INPUT DATA:
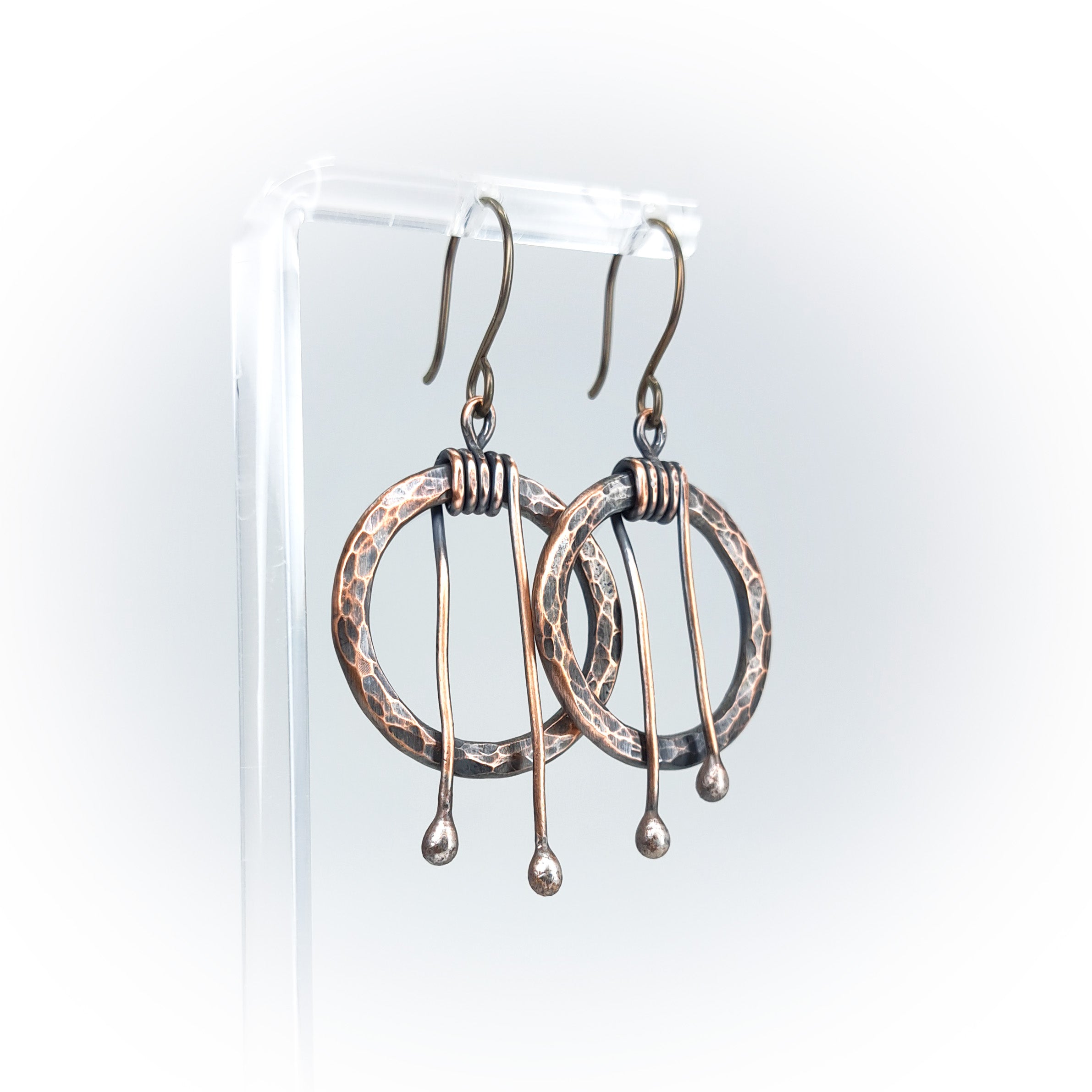 Hammered copper hoop earrings on acrylic stand, white background — side view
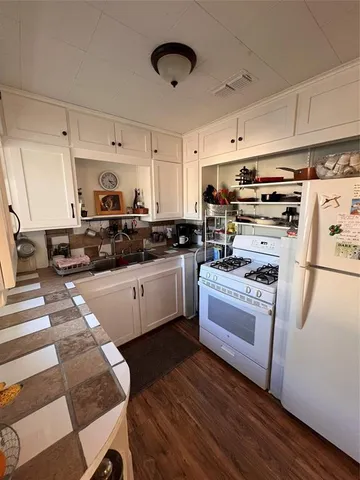 a kitchen with granite countertop a stove a sink and a refrigerator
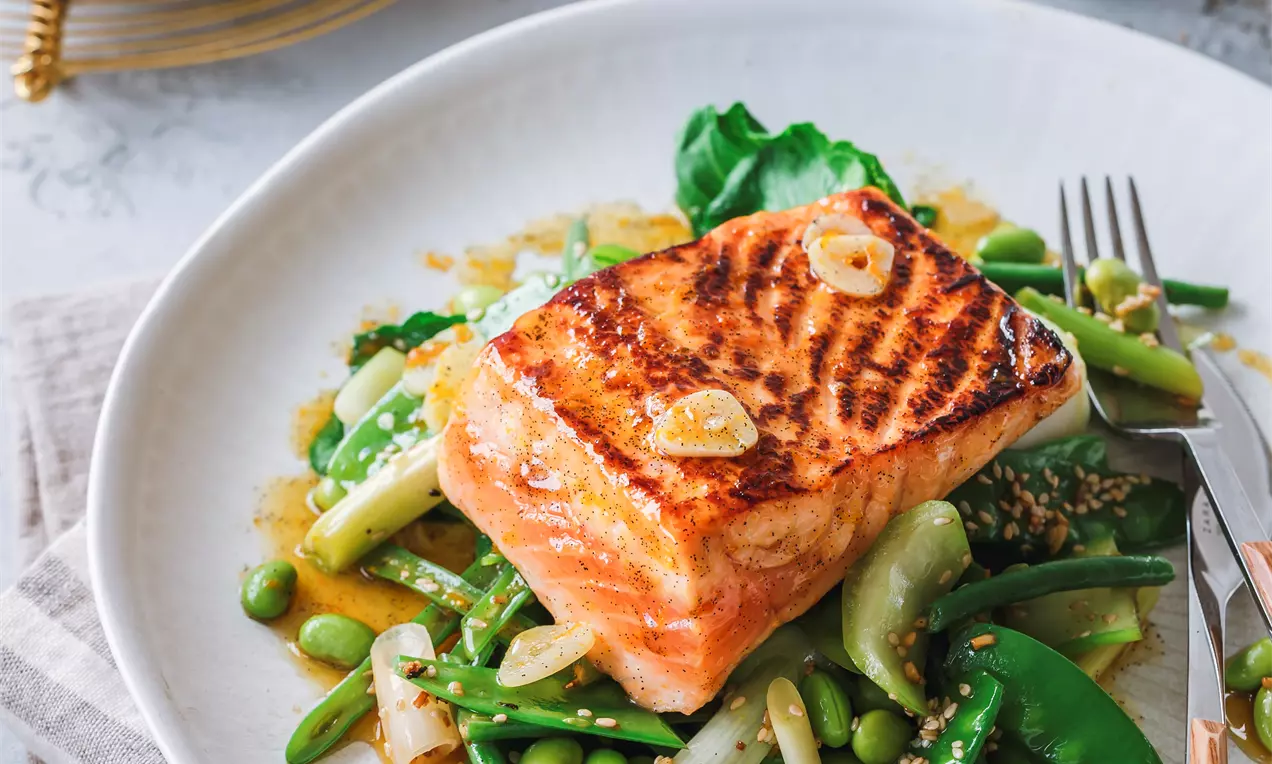 Picture - Filetto di salmone dorato con segni di griglia su letto di verdure verdi croccanti, punte di asparagi e semi di sesamo su un piatto bianco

WHAT IS BEING ASKED: Would you copy out the data exactly, leaving every picture out?

THE COMPLETED TASK:
 Hammered copper hoop earrings on acrylic stand, white background — side view
 a kitchen with granite countertop a stove a sink and a refrigerator
 Picture - Filetto di salmone dorato con segni di griglia su letto di verdure verdi croccanti, punte di asparagi e semi di sesamo su un piatto bianco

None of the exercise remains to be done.